This recipe is definitely one of the top ten recipes I make.  Plus, my boyfriend specifically requests this chili, so that alone makes it a keeper!  I highly suggest you try this recipe, because I am confident that you will not be disappointed.  And like I said, it's a great way to use those turkey leftovers!



White Chicken Chili

Recipe from Mel's Kitchen Cafe
Yield:  Serves 6

Ingredients:
1 pound boneless, skinless chicken breasts, cut into 1/2-inch  cubes
1 medium onion, chopped
1 1/2 tsp garlic powder or 2 cloves fresh garlic, finely minced
1 Tbsp oil
2 cans (15 1/2 ounces each) Great Northern beans, rinsed and drained
1 can (14 1/2 ounces) chicken broth
2 cans (4 ounces each) chopped green chilies
1 tsp salt
1 tsp ground cumin
1 tsp dried oregano
1/2 tsp pepper
1/4 tsp cayenne pepper
1 cup sour cream
1/2 cup heavy cream

Directions:
In a large saucepan, saute chicken, onion, and garlic in oil, until chicken is no longer pink.  Add beans, broth, chilies, and seasonings.  Bring to a boil.  Reduce heat and simmer, uncovered, for 30 minutes.  Remove from heat and stir in sour cream and heavy cream.  Serve immediately.

Notes:
*Although I haven't tried the slow-cooker method yet, I've included Mel's slow cooker instructions below:

Slow Cooker Option: In a medium round slow cooker, place 1 pound chicken breasts (fresh or frozen) without cubing them. Add the chopped onion, garlic powder, beans, green chiles and all of the spices. Do not add the sour cream or whipping cream yet! Reduce the chicken broth to 12 ounces (about 1 1/2 cups) and pour in over the other ingredients.

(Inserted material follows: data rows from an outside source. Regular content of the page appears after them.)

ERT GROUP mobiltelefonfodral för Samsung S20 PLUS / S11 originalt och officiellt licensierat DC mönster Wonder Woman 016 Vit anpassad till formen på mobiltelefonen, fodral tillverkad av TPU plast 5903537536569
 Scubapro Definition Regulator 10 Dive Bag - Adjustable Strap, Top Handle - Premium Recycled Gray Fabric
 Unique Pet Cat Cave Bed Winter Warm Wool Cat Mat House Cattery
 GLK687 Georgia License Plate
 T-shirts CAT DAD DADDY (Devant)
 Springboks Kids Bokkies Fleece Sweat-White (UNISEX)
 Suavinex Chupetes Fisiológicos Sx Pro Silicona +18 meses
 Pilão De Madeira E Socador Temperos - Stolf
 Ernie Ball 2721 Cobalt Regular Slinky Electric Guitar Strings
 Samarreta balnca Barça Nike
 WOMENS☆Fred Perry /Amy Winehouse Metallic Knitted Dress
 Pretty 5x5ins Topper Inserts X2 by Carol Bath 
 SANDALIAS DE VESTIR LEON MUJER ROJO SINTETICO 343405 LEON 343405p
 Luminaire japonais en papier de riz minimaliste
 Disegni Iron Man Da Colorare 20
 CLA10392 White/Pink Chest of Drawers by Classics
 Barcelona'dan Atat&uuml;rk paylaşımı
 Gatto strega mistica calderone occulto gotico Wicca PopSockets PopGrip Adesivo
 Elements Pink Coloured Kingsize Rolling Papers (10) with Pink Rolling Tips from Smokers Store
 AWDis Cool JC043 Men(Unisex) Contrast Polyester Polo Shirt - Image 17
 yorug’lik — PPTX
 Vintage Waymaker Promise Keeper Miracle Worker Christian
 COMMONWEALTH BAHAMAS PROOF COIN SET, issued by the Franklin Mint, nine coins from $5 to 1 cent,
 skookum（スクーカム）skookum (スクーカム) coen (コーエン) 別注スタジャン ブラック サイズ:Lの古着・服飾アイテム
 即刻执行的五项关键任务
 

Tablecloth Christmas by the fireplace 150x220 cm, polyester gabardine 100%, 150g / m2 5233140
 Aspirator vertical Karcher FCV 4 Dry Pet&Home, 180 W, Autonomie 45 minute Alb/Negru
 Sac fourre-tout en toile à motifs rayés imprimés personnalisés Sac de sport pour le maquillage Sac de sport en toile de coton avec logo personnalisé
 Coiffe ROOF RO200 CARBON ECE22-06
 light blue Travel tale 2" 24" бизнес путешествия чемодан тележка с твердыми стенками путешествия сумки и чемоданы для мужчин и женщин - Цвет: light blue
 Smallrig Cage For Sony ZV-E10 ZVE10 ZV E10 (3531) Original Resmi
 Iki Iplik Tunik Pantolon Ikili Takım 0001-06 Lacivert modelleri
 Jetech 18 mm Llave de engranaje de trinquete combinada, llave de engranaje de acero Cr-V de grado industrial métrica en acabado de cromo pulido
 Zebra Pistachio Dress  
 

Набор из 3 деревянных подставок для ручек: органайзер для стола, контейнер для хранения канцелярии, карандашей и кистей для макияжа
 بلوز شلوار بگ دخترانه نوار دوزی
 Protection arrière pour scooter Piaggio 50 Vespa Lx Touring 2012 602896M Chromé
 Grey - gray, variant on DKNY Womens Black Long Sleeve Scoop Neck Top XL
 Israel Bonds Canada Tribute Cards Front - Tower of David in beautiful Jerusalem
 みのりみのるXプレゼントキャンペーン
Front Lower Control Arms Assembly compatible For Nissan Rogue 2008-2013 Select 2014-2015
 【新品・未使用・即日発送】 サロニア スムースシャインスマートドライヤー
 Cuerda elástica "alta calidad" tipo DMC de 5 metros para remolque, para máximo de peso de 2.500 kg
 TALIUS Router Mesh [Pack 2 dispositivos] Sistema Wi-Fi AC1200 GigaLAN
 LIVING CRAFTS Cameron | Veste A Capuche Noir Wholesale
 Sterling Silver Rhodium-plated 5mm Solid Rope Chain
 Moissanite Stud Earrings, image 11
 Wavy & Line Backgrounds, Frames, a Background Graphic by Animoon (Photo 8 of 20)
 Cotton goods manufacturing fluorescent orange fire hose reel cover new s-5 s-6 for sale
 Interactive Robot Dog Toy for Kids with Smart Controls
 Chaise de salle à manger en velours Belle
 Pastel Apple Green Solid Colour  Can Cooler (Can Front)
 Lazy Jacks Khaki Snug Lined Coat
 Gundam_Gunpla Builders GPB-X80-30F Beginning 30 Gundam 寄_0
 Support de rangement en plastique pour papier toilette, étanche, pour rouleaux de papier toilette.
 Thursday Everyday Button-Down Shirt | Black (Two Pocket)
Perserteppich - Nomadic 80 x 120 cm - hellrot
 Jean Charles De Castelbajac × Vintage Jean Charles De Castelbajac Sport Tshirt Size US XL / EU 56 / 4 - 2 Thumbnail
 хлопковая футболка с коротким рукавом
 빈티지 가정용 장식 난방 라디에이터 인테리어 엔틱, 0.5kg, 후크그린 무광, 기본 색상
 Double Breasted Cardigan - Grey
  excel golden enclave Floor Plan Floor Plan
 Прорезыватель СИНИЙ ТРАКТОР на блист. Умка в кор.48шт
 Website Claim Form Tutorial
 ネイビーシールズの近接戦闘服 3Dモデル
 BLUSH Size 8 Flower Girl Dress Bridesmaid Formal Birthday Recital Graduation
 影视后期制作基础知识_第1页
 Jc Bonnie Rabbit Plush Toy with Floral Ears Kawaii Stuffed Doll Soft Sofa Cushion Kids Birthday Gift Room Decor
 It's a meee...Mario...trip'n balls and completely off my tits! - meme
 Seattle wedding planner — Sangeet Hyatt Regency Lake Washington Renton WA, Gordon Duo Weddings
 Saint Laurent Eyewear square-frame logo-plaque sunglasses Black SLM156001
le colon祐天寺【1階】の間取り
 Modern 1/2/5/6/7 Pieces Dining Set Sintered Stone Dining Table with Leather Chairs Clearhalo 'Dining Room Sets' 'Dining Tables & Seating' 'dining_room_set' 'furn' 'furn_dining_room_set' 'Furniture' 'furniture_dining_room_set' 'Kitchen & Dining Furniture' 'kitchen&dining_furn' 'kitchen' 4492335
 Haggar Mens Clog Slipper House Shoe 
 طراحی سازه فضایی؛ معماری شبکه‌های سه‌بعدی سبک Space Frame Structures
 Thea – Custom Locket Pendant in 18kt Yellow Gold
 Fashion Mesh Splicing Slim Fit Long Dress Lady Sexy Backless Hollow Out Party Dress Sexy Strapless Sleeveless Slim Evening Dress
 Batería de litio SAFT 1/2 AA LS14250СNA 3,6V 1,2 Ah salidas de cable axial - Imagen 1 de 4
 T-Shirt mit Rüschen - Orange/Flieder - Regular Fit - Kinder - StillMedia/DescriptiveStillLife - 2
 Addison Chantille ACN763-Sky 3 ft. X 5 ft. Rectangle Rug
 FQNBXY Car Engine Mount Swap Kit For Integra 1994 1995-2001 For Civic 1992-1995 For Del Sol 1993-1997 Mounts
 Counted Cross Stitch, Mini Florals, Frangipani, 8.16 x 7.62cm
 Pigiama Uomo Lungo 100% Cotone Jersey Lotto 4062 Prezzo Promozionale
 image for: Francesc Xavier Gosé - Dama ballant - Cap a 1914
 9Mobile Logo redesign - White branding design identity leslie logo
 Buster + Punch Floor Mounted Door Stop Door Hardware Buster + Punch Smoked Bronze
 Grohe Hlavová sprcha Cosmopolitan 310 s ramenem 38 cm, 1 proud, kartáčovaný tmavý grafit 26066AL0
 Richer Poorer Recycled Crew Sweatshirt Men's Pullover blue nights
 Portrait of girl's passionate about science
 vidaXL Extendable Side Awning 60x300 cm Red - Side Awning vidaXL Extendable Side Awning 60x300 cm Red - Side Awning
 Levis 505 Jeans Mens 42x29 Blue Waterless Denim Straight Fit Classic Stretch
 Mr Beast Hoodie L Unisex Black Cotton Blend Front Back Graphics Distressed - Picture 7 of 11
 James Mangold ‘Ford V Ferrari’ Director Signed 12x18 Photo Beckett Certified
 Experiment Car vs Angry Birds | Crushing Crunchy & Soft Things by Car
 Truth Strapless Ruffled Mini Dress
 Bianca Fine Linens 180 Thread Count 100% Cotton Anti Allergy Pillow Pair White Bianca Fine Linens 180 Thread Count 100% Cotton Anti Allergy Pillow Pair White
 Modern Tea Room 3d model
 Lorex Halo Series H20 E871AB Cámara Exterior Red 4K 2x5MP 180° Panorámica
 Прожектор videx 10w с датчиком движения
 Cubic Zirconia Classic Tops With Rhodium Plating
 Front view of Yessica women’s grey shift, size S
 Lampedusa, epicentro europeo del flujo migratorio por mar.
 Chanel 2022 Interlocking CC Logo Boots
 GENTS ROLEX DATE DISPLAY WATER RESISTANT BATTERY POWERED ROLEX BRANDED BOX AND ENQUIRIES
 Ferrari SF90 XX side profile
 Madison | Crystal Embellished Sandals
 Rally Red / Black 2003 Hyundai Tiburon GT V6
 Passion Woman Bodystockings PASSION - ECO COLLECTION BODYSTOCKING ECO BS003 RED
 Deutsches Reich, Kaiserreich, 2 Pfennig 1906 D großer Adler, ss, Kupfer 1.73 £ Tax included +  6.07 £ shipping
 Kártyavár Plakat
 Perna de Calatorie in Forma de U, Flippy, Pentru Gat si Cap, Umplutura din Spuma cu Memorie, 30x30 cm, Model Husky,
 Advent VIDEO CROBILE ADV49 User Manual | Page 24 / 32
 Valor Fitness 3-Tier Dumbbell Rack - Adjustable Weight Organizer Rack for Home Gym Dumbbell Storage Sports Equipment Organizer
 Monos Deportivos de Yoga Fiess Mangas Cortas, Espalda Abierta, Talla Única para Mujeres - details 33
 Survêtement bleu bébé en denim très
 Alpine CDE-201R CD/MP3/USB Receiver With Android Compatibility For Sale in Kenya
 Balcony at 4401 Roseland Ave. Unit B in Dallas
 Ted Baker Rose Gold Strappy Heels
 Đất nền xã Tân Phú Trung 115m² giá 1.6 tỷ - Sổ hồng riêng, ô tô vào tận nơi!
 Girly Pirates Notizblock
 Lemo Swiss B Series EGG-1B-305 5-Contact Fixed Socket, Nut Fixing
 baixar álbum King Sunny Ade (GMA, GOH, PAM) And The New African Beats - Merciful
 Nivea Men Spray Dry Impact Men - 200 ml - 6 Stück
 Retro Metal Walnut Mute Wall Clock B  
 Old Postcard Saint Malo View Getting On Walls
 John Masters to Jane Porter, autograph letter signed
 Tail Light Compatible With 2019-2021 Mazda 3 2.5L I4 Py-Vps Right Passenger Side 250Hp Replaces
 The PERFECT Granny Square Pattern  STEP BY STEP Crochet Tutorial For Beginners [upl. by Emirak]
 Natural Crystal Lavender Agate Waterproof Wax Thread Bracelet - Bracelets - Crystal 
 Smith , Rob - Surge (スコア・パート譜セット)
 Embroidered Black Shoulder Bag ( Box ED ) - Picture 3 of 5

Stir the mixture around a bit to incorporate the dry spices. Cook on low for 5-7 hours (if using frozen chicken you’ll cook on the longer end of that spectrum, fresh chicken will cook in less time). Remove the chicken to a cutting board and shred in bite-size pieces. Stir back into the slow cooker. In a small bowl or liquid measuring cup, whisk together the sour cream and whipping cream  until smooth. Whisk the cream mixture into the crockpot with the other ingredients. Let the soup cook until heated through. Serve.